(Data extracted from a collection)
= Beginning of Section =

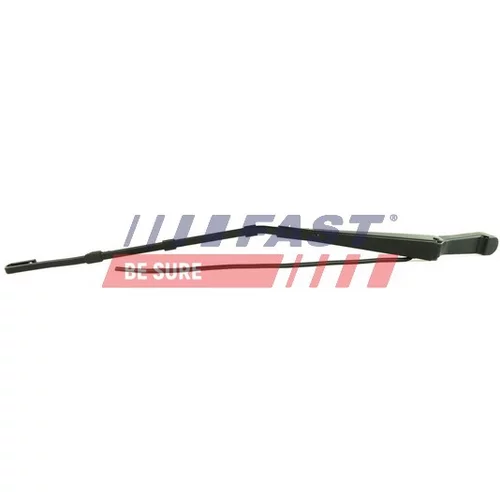 Rameno stierača skiel FAST FT93347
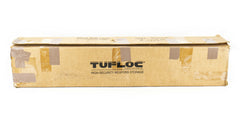 TufLoc Remington 870 Gun Rack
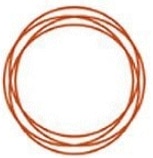 Clayton Hotel Berlin Tiergarten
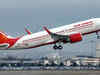 Air India launches weekly flights to London's Gatwick, Heathrow Airport
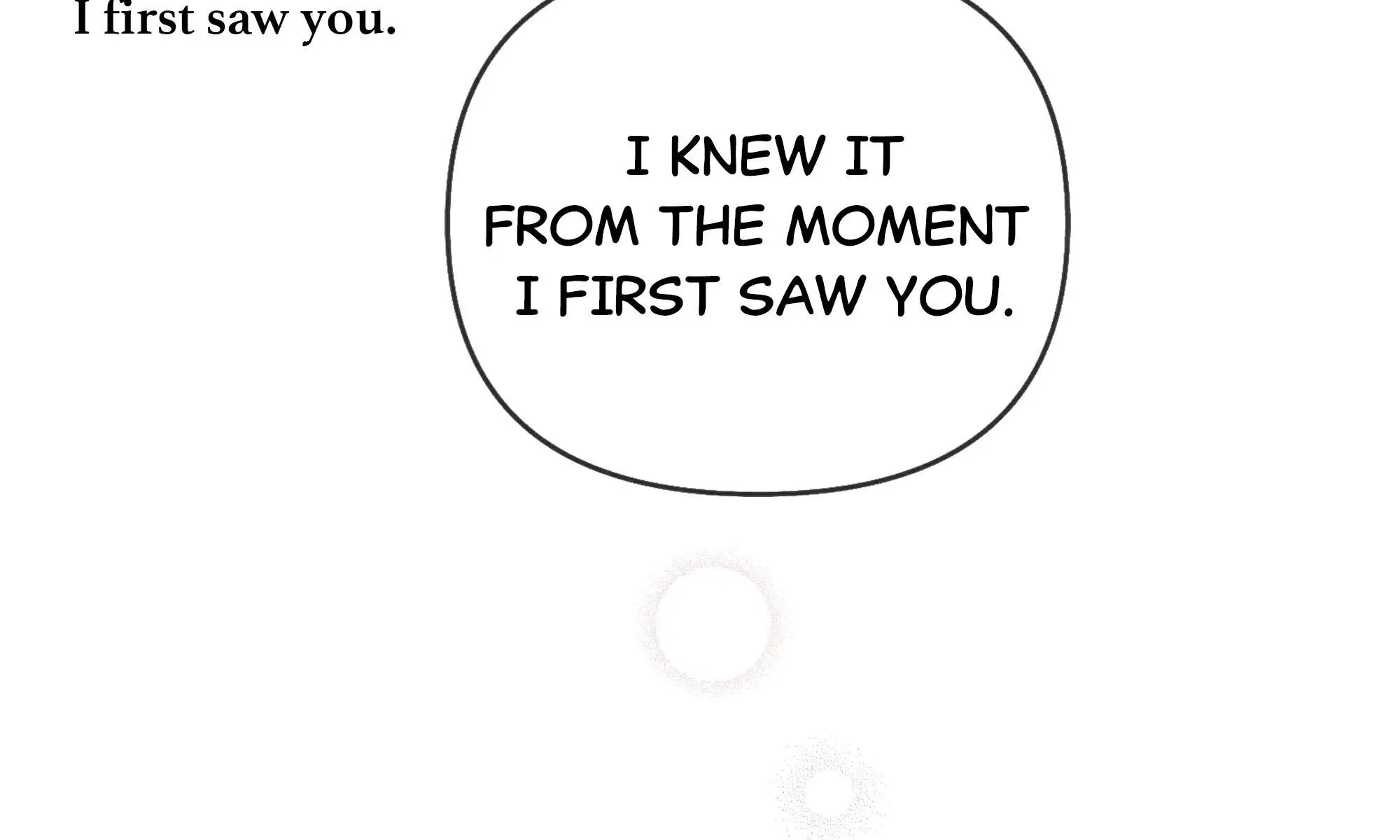 Under the Oak Tree Chapter 15 Page 250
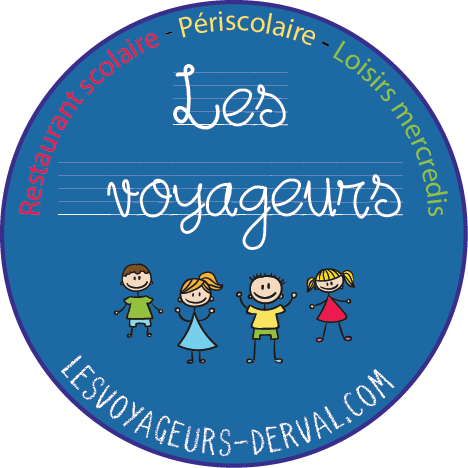 Les Voyageurs.png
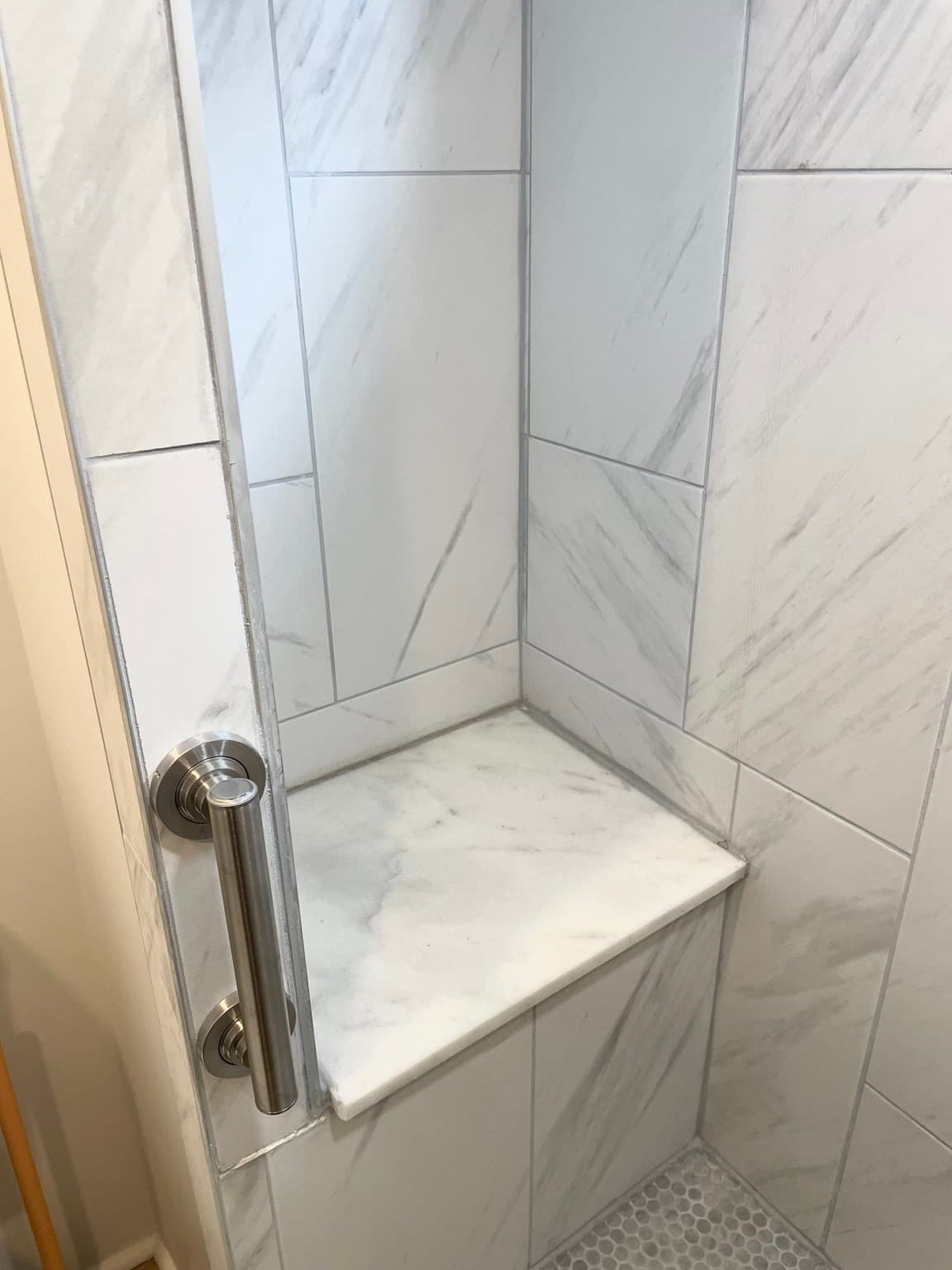 Mobile Home at 131 Washington St # 29, Foxboro MA 02035, photo 8 of 11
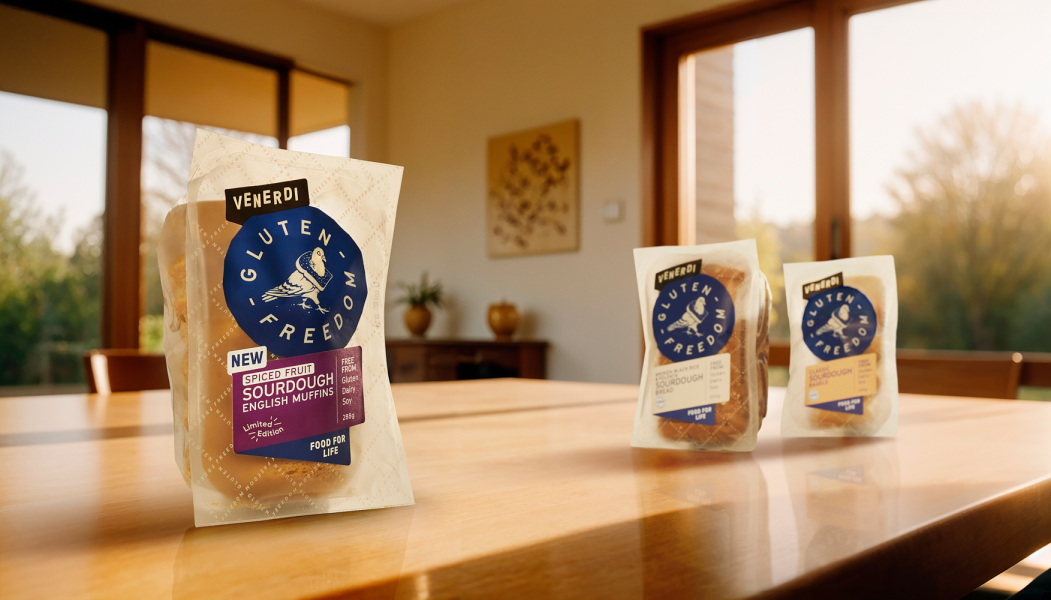 T-VEN-1481_Venerdi Spiced Fruit_Sourdough Range_FINAL.jpg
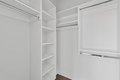 Additional image 29 of 250 Avenue E Apt 410, Bayonne, NJ, 07002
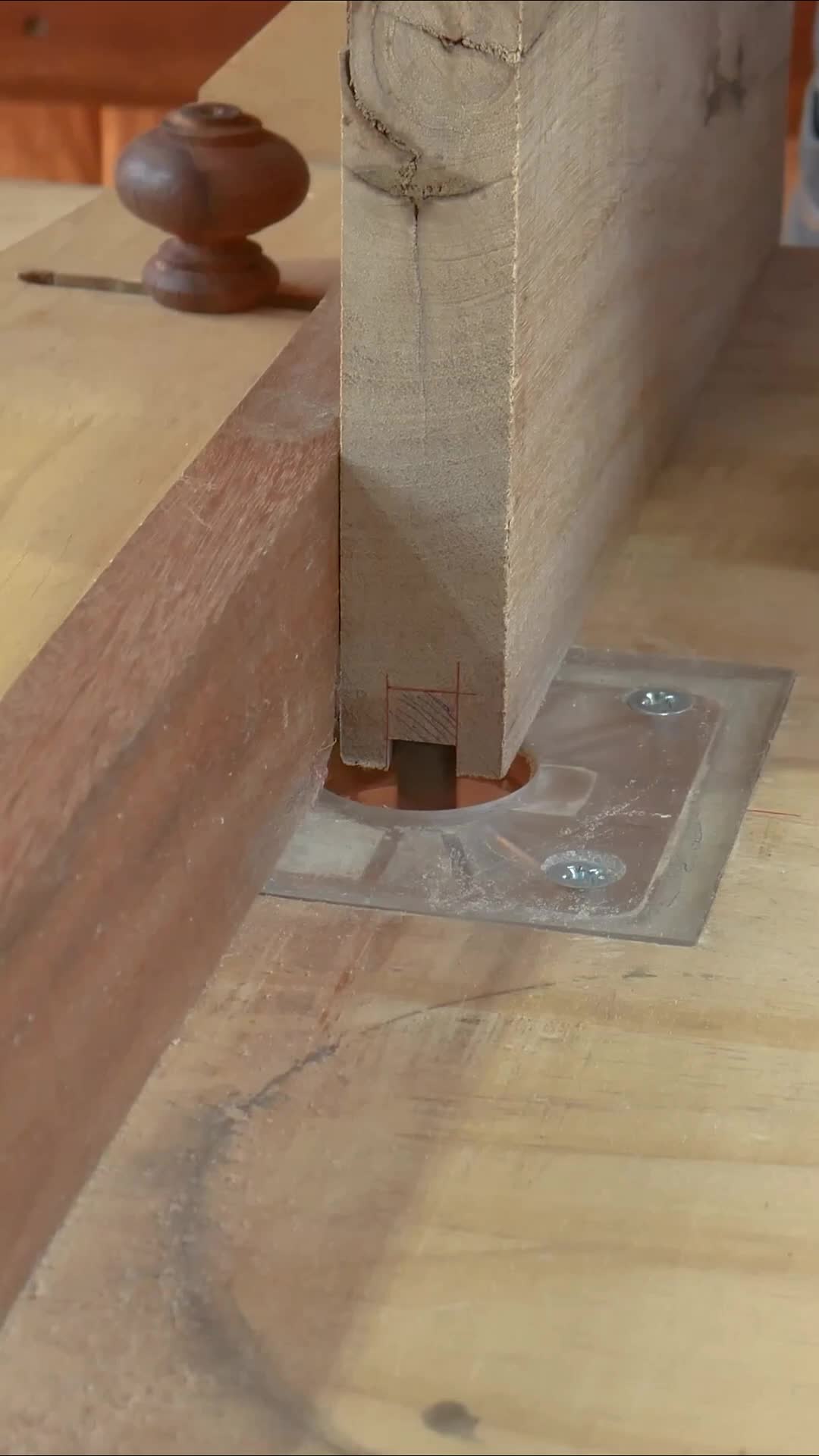 @WoodworkingJeffrey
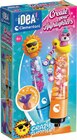 Crée tes fleurs, tes stylos ou tes fluos - CLEMENTONI dans le catalogue Intermarché Hyper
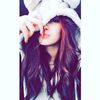 ahmed_soban0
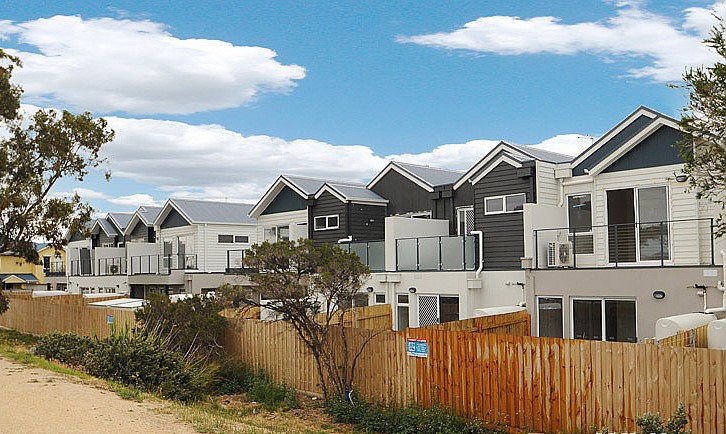 1/1 Valetta Street, Carrum, VIC 3197 - Thumbnail 1 - 15/03/2023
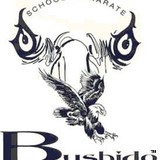 Bushido School of Karate Inc - Martial Arts in New York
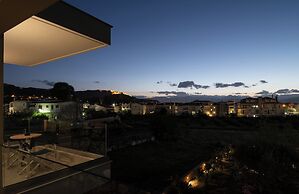 Enaria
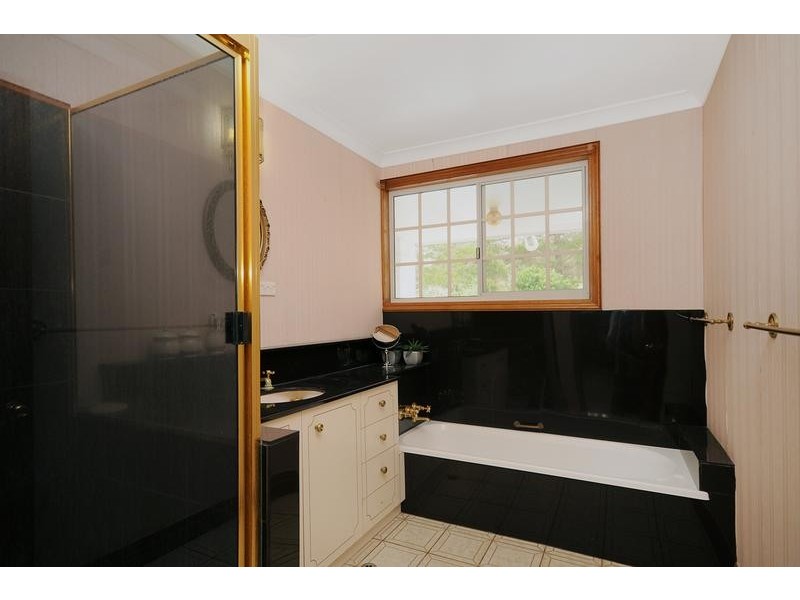 71 Walkers Spring Road, Preston QLD 4352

= End of Section =

Output the records exactly as they appear, skipping any pictures.

_Response box_:
 Rameno stierača skiel FAST FT93347
 TufLoc Remington 870 Gun Rack
 Clayton Hotel Berlin Tiergarten
 Air India launches weekly flights to London's Gatwick, Heathrow Airport
 Under the Oak Tree Chapter 15 Page 250
 Les Voyageurs.png
 Mobile Home at 131 Washington St # 29, Foxboro MA 02035, photo 8 of 11
 T-VEN-1481_Venerdi Spiced Fruit_Sourdough Range_FINAL.jpg
 Additional image 29 of 250 Avenue E Apt 410, Bayonne, NJ, 07002
 @WoodworkingJeffrey
 Crée tes fleurs, tes stylos ou tes fluos - CLEMENTONI dans le catalogue Intermarché Hyper
 ahmed_soban0
 1/1 Valetta Street, Carrum, VIC 3197 - Thumbnail 1 - 15/03/2023
 Bushido School of Karate Inc - Martial Arts in New York
 Enaria
 71 Walkers Spring Road, Preston QLD 4352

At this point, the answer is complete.